## [PROBLEM STATEMENT]
Copy out the entries below exactly as they stand, but only from the line containing "Ugreen Nexode Laptop" through the line containing "Trend !t Up trend".

## [TASK DATA]
+--
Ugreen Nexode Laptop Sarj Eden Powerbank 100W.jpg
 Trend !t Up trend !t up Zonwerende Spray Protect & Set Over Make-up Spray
+--
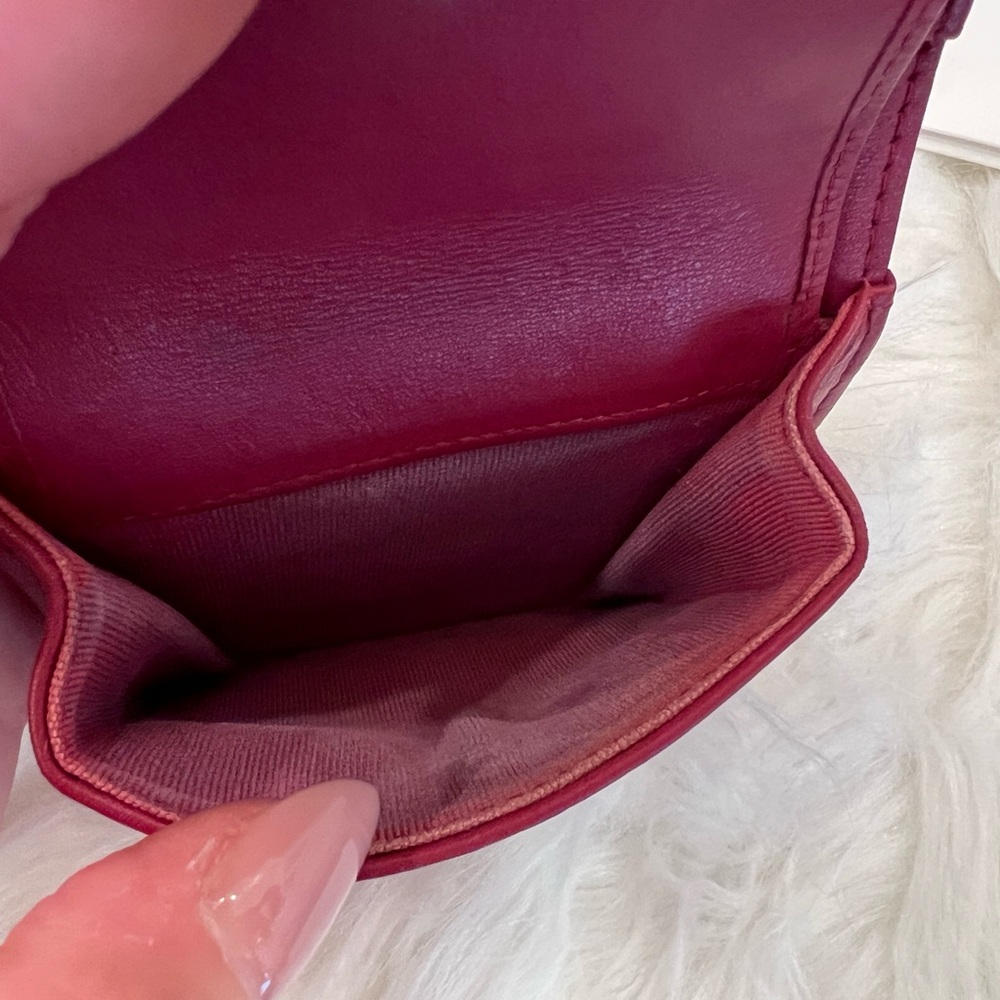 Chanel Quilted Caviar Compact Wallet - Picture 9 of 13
+--
## [ANSWER BELOW]
Ugreen Nexode Laptop Sarj Eden Powerbank 100W.jpg
 Trend !t Up trend !t up Zonwerende Spray Protect & Set Over Make-up Spray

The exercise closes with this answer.